**WHAT THIS TASK INVOLVES**:
With the pictures left out, restate exactly the part below that opens with the line containing "GameSir Nova Lite" and closes with the line containing "#beautythroughscience #btsstockholm #plasticsurgery".
*** Opening EXTRACTED ENTRIES ***
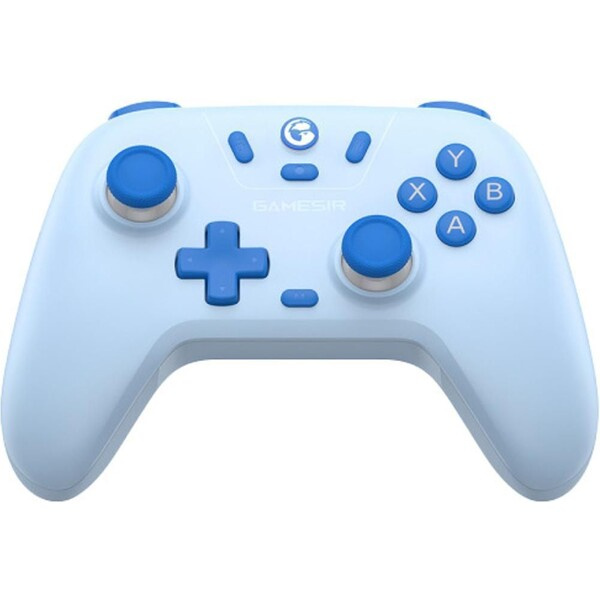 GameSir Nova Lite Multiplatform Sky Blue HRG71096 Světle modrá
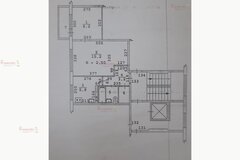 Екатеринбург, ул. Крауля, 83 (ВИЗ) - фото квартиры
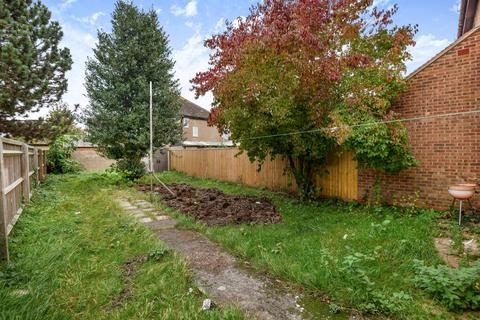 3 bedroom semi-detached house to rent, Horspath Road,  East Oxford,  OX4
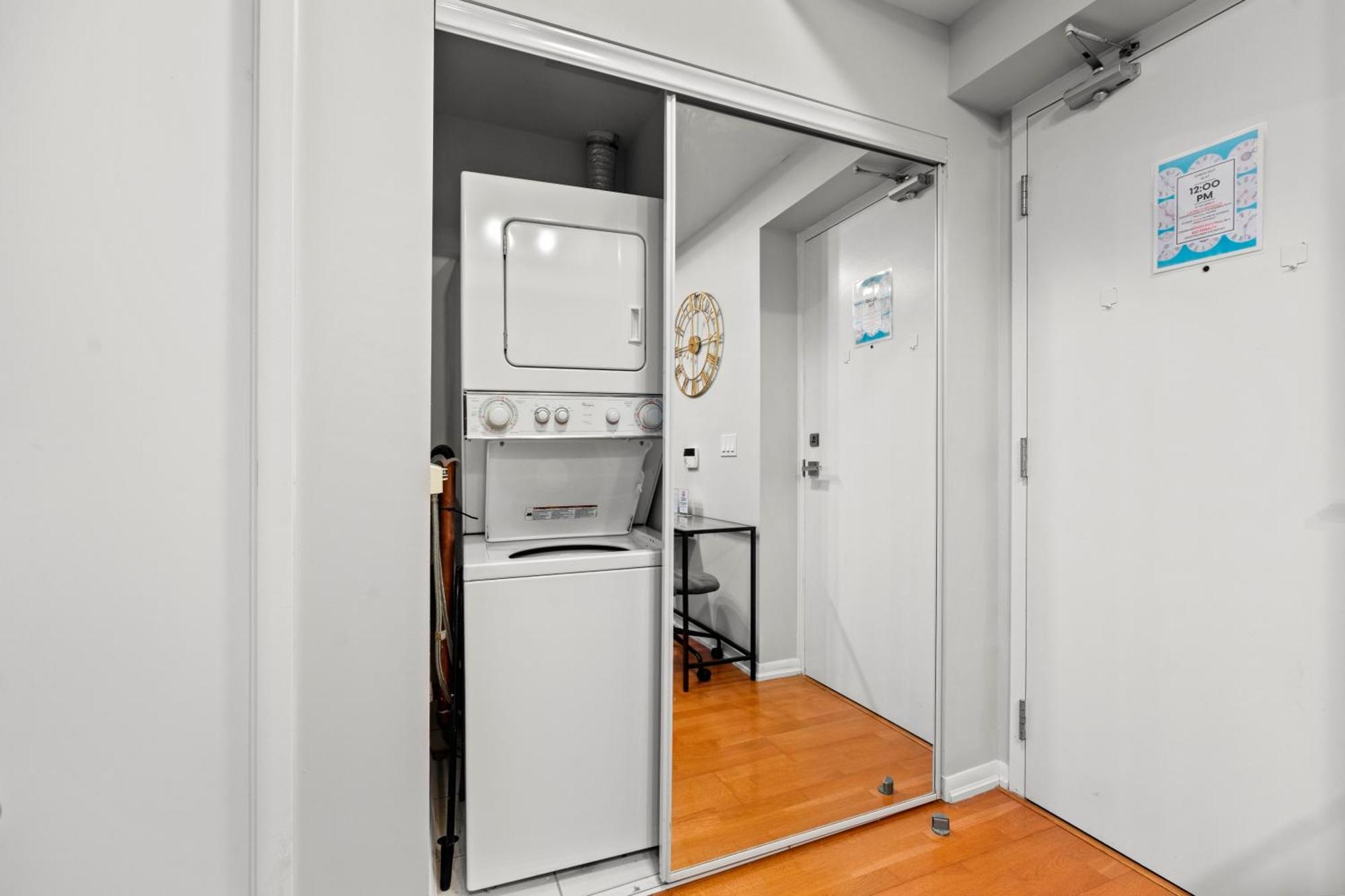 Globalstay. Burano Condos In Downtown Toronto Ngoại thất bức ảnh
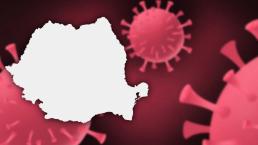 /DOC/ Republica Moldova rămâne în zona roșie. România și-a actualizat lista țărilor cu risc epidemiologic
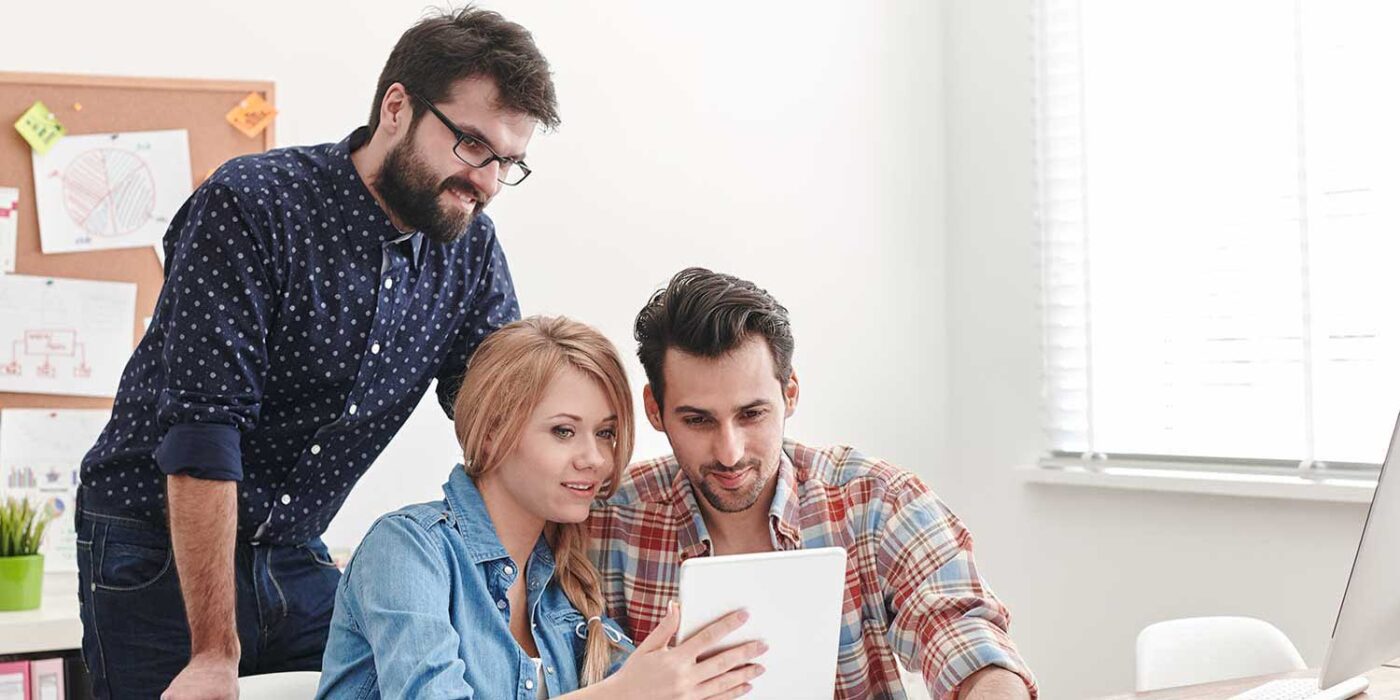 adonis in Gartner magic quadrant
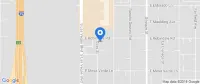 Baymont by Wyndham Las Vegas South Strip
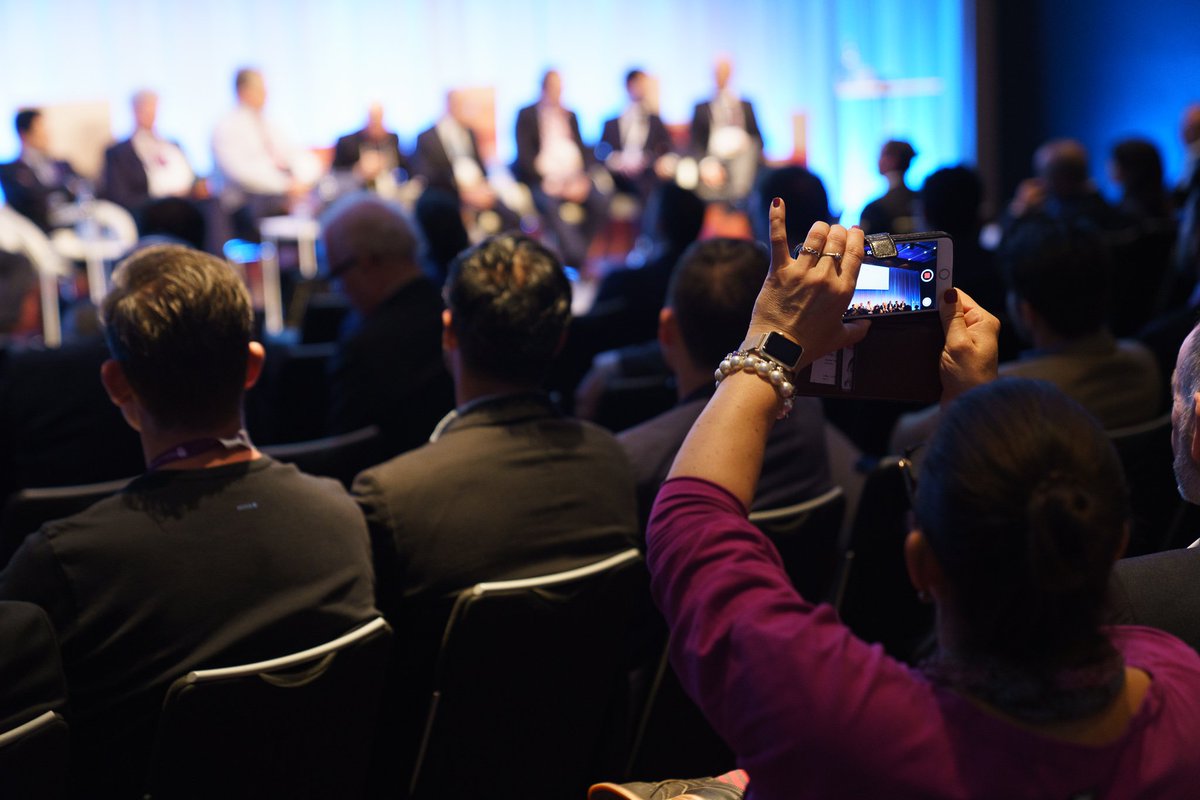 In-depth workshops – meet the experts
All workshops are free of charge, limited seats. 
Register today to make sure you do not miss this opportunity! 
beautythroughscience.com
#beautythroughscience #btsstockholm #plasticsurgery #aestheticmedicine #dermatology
*** Closing EXTRACTED ENTRIES ***
*** Opening EXTRACTED ENTRIES ***
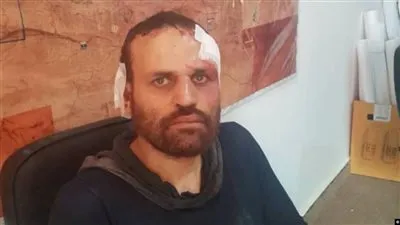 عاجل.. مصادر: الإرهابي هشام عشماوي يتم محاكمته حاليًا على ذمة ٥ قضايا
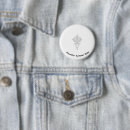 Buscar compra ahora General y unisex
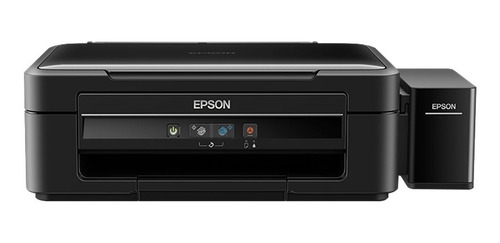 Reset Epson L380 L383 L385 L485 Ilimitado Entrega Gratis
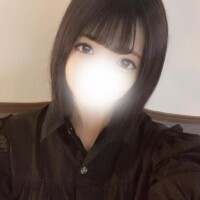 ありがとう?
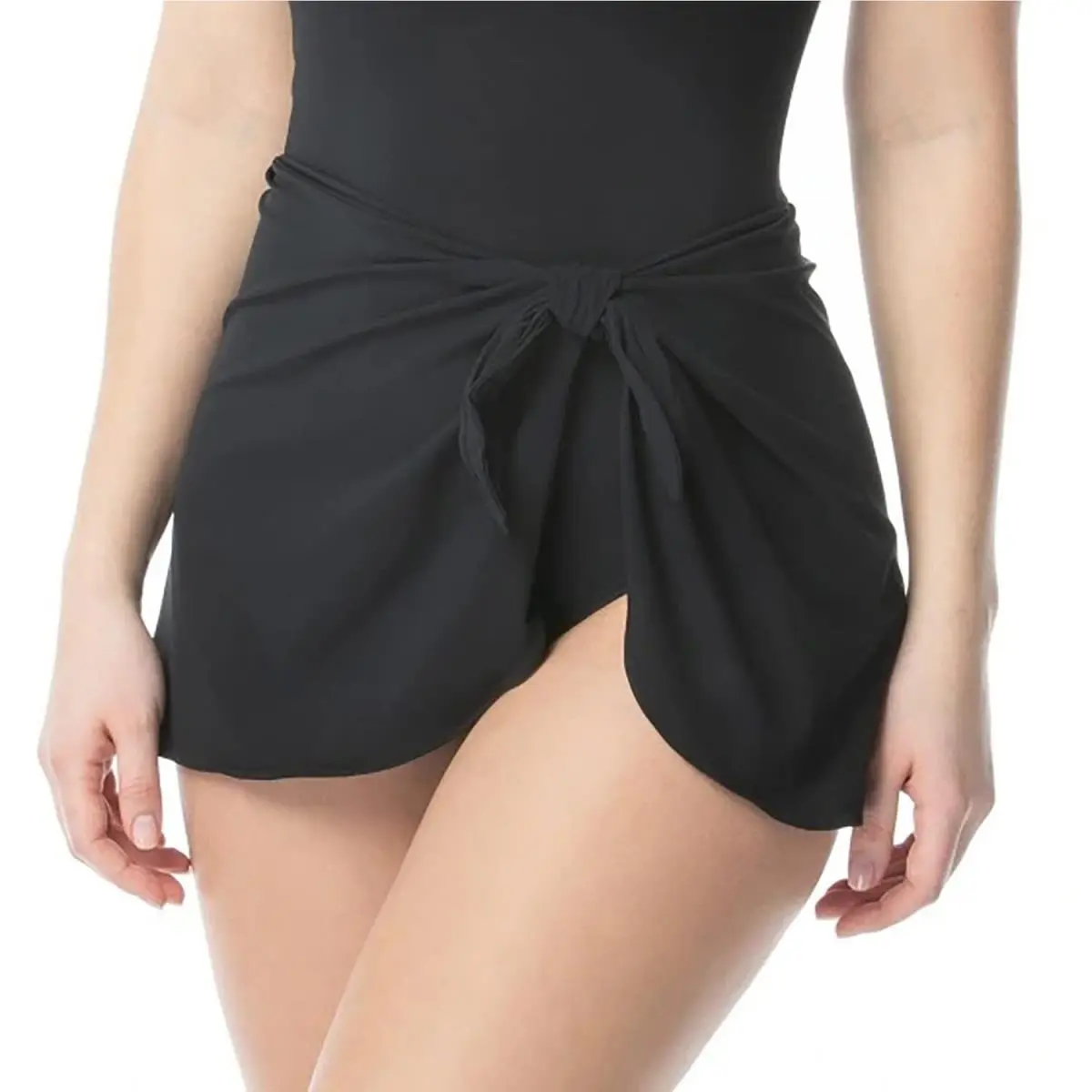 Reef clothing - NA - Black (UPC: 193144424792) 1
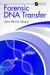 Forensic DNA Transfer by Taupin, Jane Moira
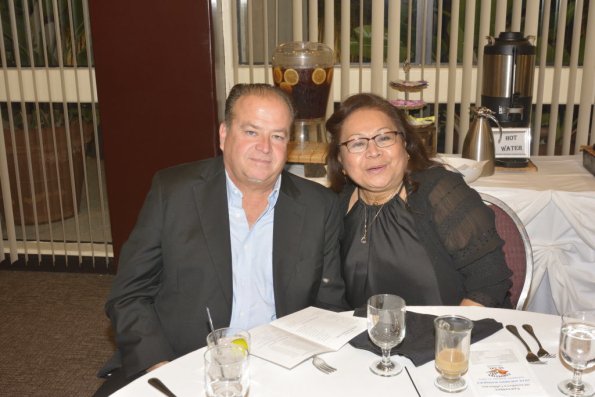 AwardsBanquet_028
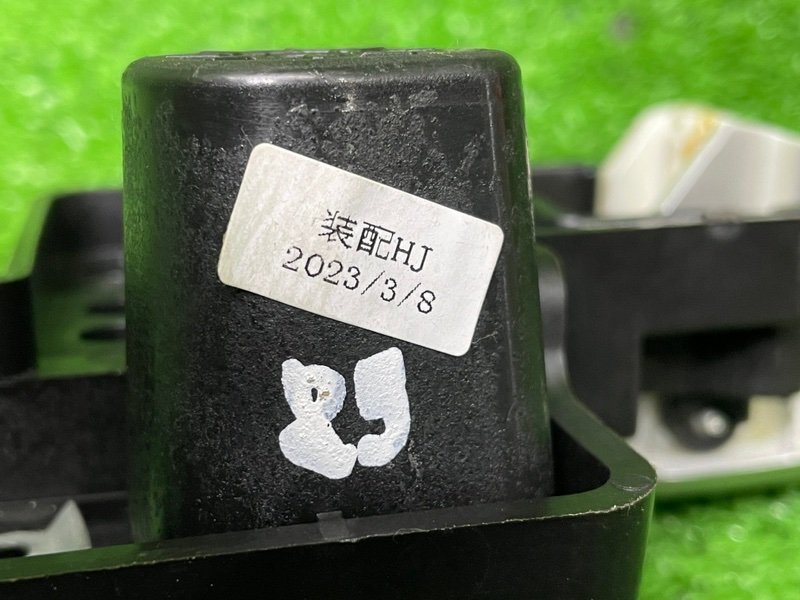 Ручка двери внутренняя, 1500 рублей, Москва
*** Closing EXTRACTED ENTRIES ***
**SOLUTION TO THIS EXERCISE**:
 GameSir Nova Lite Multiplatform Sky Blue HRG71096 Světle modrá
 Екатеринбург, ул. Крауля, 83 (ВИЗ) - фото квартиры
 3 bedroom semi-detached house to rent, Horspath Road,  East Oxford,  OX4
 Globalstay. Burano Condos In Downtown Toronto Ngoại thất bức ảnh
 /DOC/ Republica Moldova rămâne în zona roșie. România și-a actualizat lista țărilor cu risc epidemiologic
 adonis in Gartner magic quadrant
 Baymont by Wyndham Las Vegas South Strip
 In-depth workshops – meet the experts
All workshops are free of charge, limited seats. 
Register today to make sure you do not miss this opportunity! 
beautythroughscience.com
#beautythroughscience #btsstockholm #plasticsurgery #aestheticmedicine #dermatology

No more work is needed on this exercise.